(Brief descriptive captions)
------------------------------

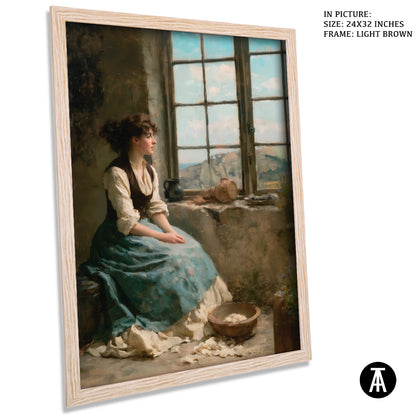 Artwork in Light Brown Frame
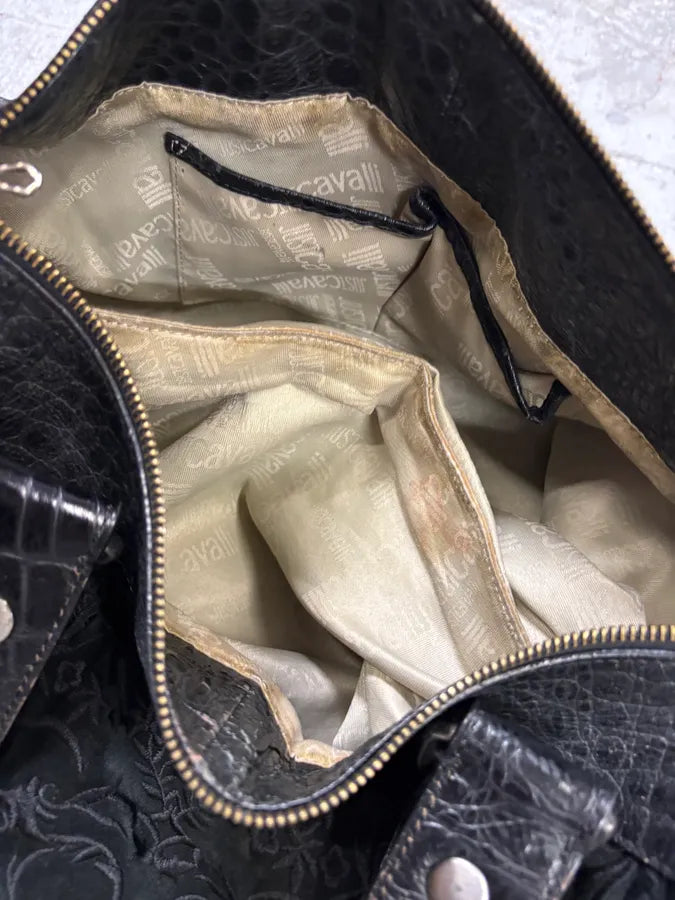2000s Cavalli Black Leather Embroidered Chain Handle Bag cNbSPkC 11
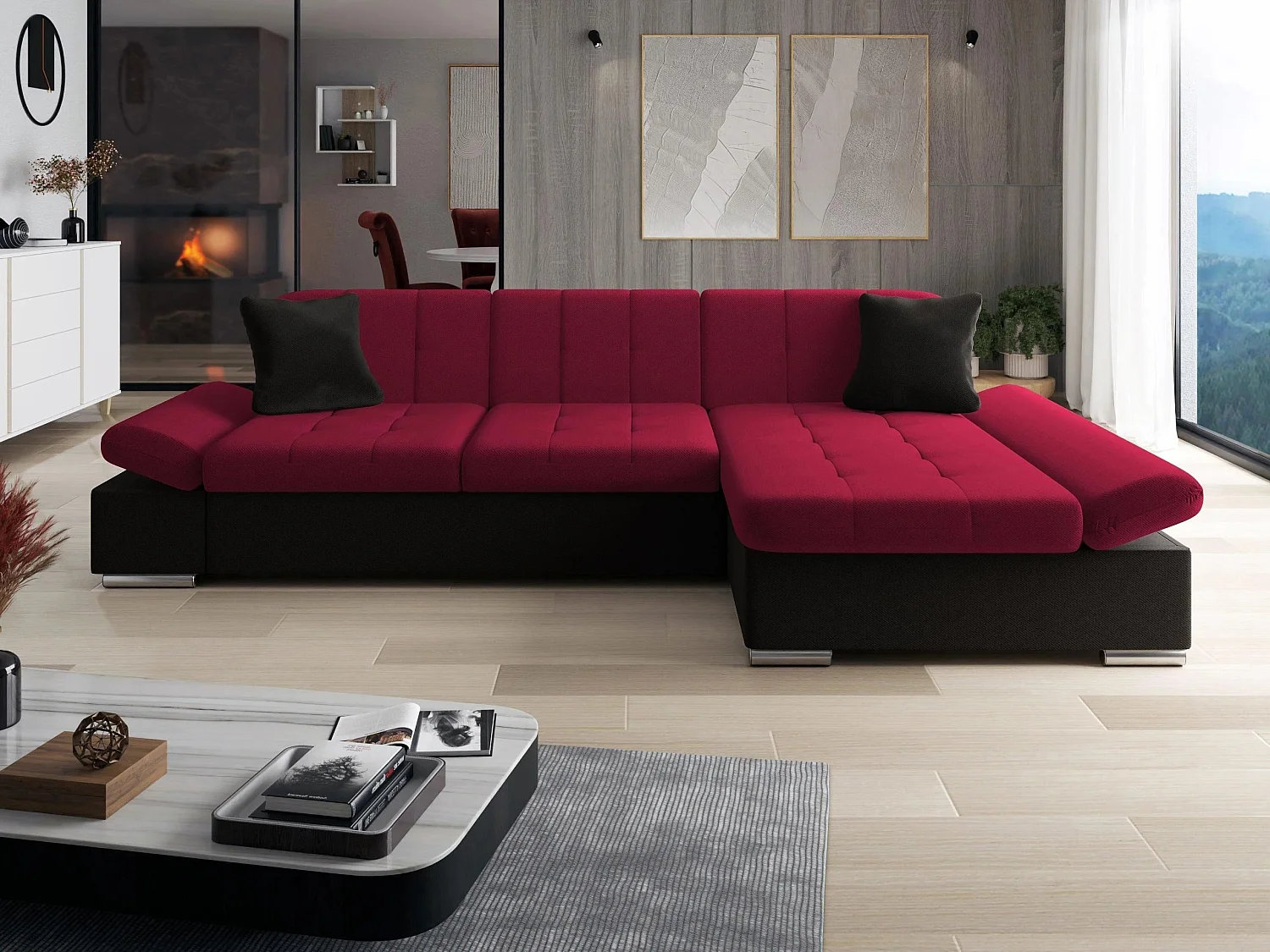 Canapé d'angle Comfivo Serenitas, Rouge, 278x161x76cm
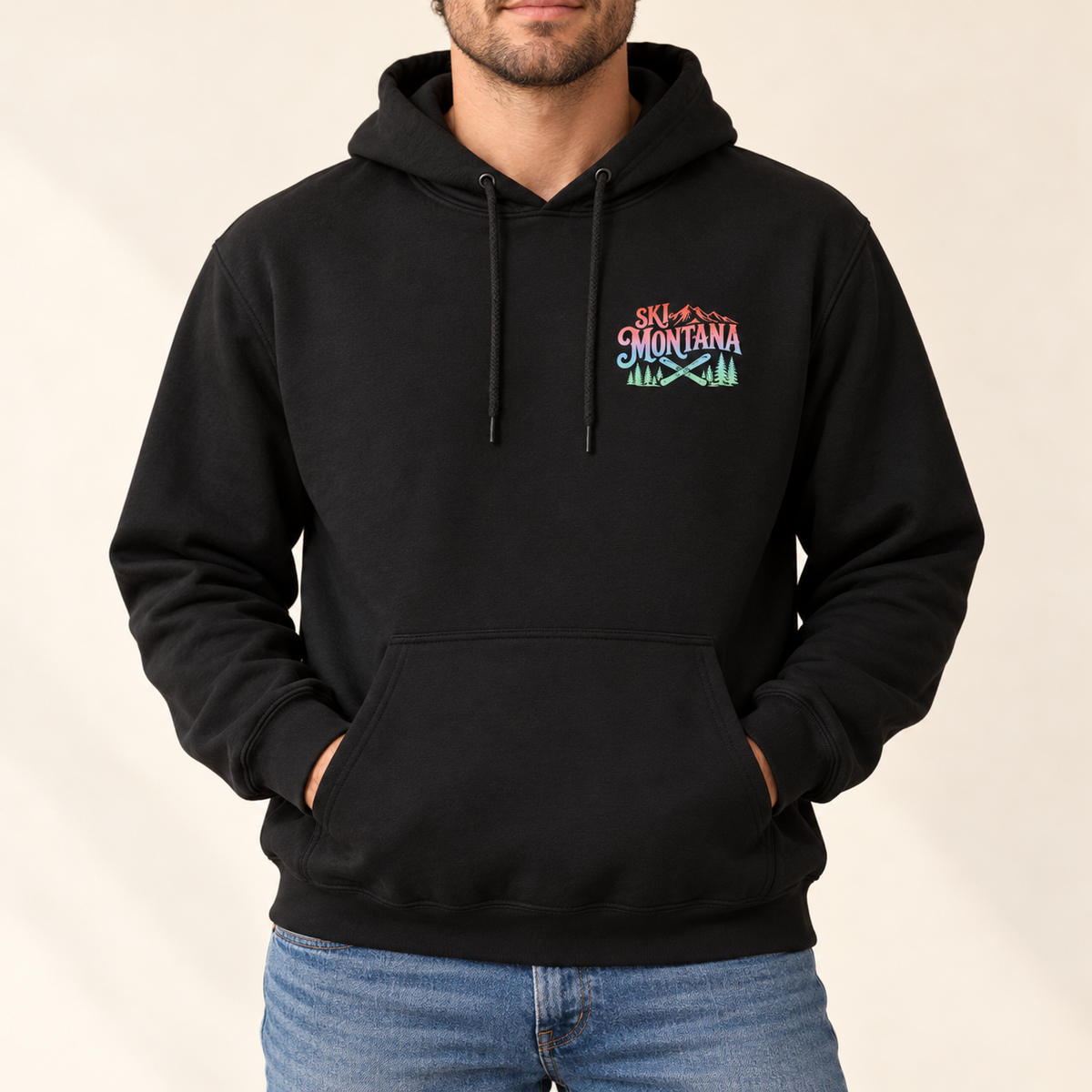 Ski Montana Resort Hoodie — lifestyle modeled view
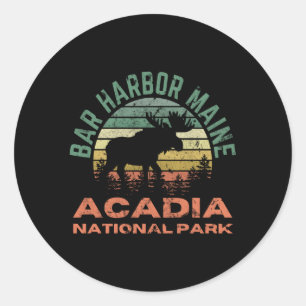 Pegatina Redonda Bar Harbour Parque nacional Acadia Maine Moose Sen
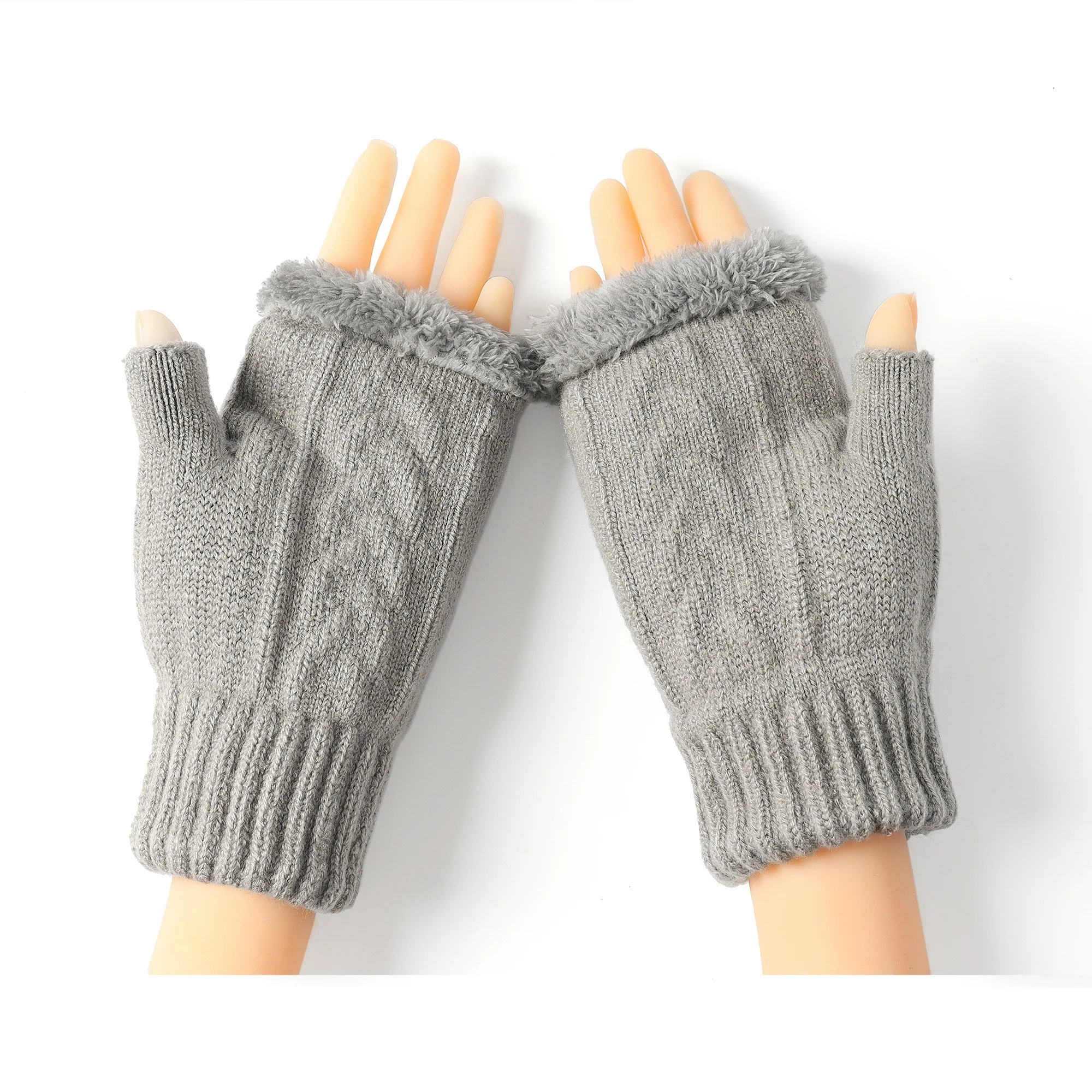 Fingerless Ultra Plush Knit Gloves - Image 21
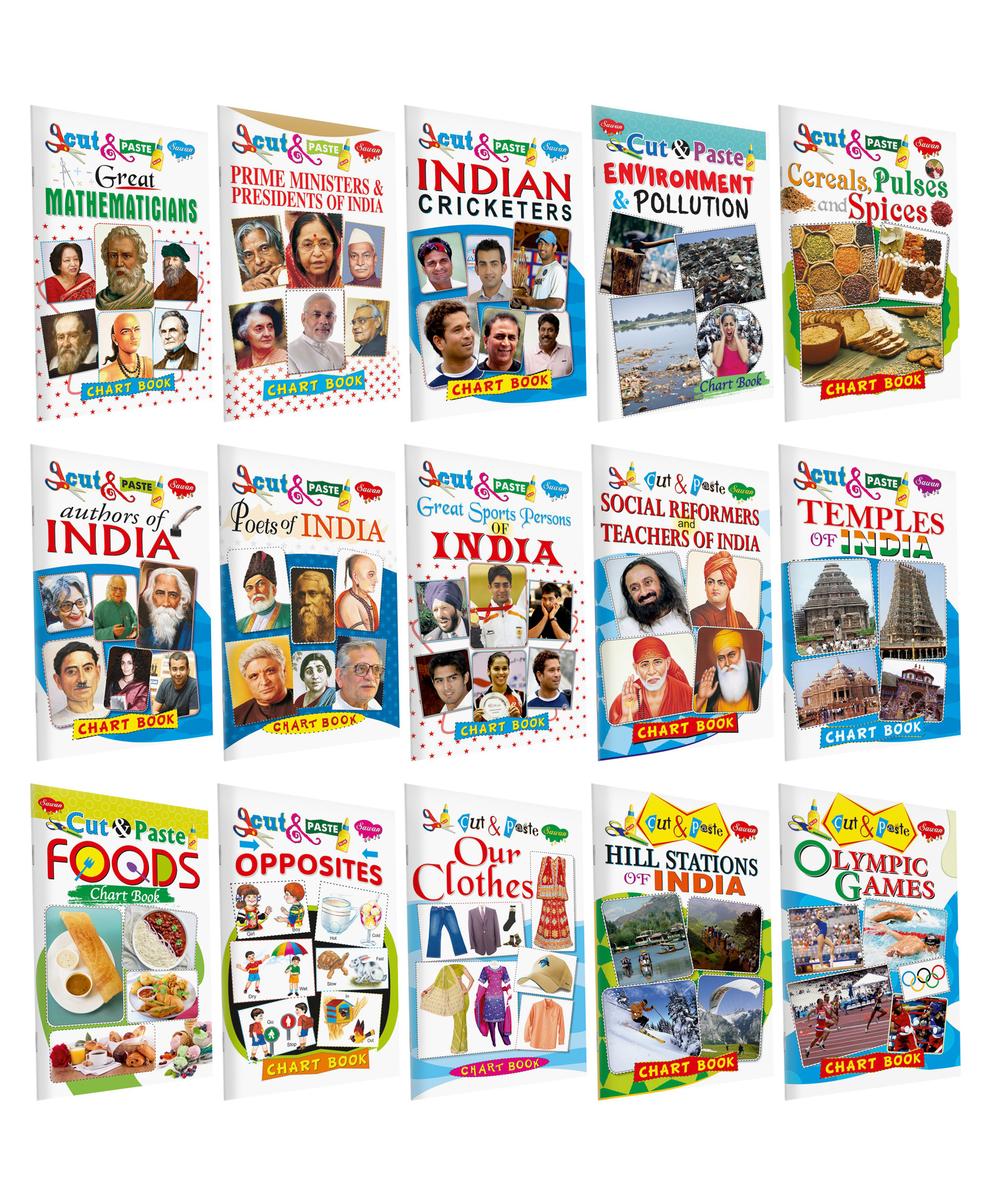 Cut and Paste Chart Books Pack Of 15 Books Combo 3 - English-image-49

------------------------------

• _Work task_
Retype each line of the records exactly as it reads; no pictures belong in the copy.

• _Exercise solution_
 Artwork in Light Brown Frame
2000s Cavalli Black Leather Embroidered Chain Handle Bag cNbSPkC 11
 Canapé d'angle Comfivo Serenitas, Rouge, 278x161x76cm
 Ski Montana Resort Hoodie — lifestyle modeled view
 Pegatina Redonda Bar Harbour Parque nacional Acadia Maine Moose Sen
 Fingerless Ultra Plush Knit Gloves - Image 21
 Cut and Paste Chart Books Pack Of 15 Books Combo 3 - English-image-49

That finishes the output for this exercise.